Na ocasião da votação que selou a entrada da Sabesp no mundo financeiro, a então deputada estadual Maria Lúcia Prandi fez uma declaração ‘profética’ sobre o tema, indagando se a empresa seria capaz de manter seu caráter público e priorizar os interesses da população ou se voltaria suas atenções aos desejos dos acionistas.

“Na prática, é uma quase privatização da Sabesp, que poderá perder seu caráter de empresa pública, abrindo espaço para os interesses privados, que visam lucros e não o benefício comum (…). Quem comprar as ações da Sabesp terá grande poder na gestão da empresa. Como ficará a questão das tarifas? Até que ponto a empresa vai querer investir em áreas carentes ou de difícil atendimento, como os morros? Como conseguir que as redes de esgoto e de distribuição de água cheguem a comunidades mais distantes?”

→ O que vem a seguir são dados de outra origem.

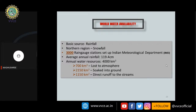For India, the major source of precipitation is rainfall. The IMD has around 3000 rain gauge stations with average annual rainfall of 119.4 cm and annual water resources of approximately 4000 km³. Of this, 700 km³ is lost to the atmosphere, 2150 km³ soaks into the ground, and 1150 km³ results in direct runoff to streams.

10 anos depois, ela comenta que “não se trata de profecia, mas de visão de mundo e de Estado”. Para a deputada federal, sua fala em 2003 foi uma “demonstração de que, a médio ou longo prazo, a população poderia pagar caro pela escolha que o governo estava prestes a fazer”.

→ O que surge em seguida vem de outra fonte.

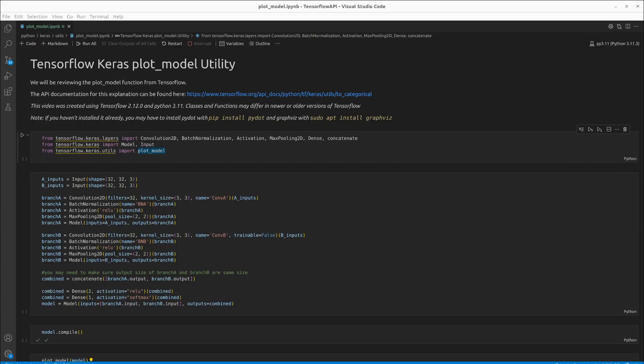Welcome everyone to learning with Rev. In this video we are going to be learning about the plot model utility inside of Keras.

Prandi recorda que, enquanto o PL 410/2003 estava em pauta, houve uma grande resistência na Alesp por parte de partidos à esquerda, que chegaram a realizar longos estudos sobre o tema para embasar o posicionamento contrário à matéria. “A Sabesp, à época, estava muito endividada. Tanto que havia forte pressão sobre os municípios não-conveniados. A capitalização foi uma das ferramentas que o governo lançou mão para sanar a situação e, na votação, foram vitoriosos”.

A tese de Prandi, no entanto, parece jogar luz sobre as origens de uma crise tratada de forma obscura pelo poder público paulista. “Ao vender ações, você sofre pressão de acionistas para aumentar o lucro, colocando os interesses dos donos das ações em primeiro lugar”, argumenta. “O acesso a um serviço essencial como o abastecimento de água nunca poderia ter sido relegado ao segundo plano”.

De acordo com ela, o governo poderia ter feitos ótimos investimentos que prevenissem crises como essa, já que há uma seca história no estado e o governo federal destina um significativo aporte financeiro para essa finalidade. “Mas a prioridade”, sugere, “parece ser agradar os acionistas”.

Primeira cota do Voume Morto, no sistema cantareira, São Paulo. Foto: Mídia NINJA

 

Governo optou por tratar água como negócio

Para Edson Aparecido da Silva, sociólogo e coordenador da Frente Nacional pelo Saneamento Ambiental, a opção feita 10 anos atrás pelo governo estadual foi de tratar a gestão da água como negócio. “Na época, a justificativa foi de que era preciso captar recursos em agências financeiras e bancos internacionais. Aderir à bolsa daria segurança aos que emprestassem dinheiro à Sabesp”, explica.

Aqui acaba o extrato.